◆ **WHAT THE TASK ASKS**
Using the listing below, set down each line from the line containing "nah296652 online show" through the line containing "Maison d’architecte dans", both ends included, exactly and with nothing added.

◆ **DATA FOR ANALYSIS**
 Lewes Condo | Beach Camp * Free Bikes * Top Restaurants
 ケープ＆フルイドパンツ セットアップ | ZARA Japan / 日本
...
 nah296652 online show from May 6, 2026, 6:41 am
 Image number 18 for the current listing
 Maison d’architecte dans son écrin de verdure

◆ **RESPONSE TO THIS EXERCISE**
 nah296652 online show from May 6, 2026, 6:41 am
 Image number 18 for the current listing
 Maison d’architecte dans son écrin de verdure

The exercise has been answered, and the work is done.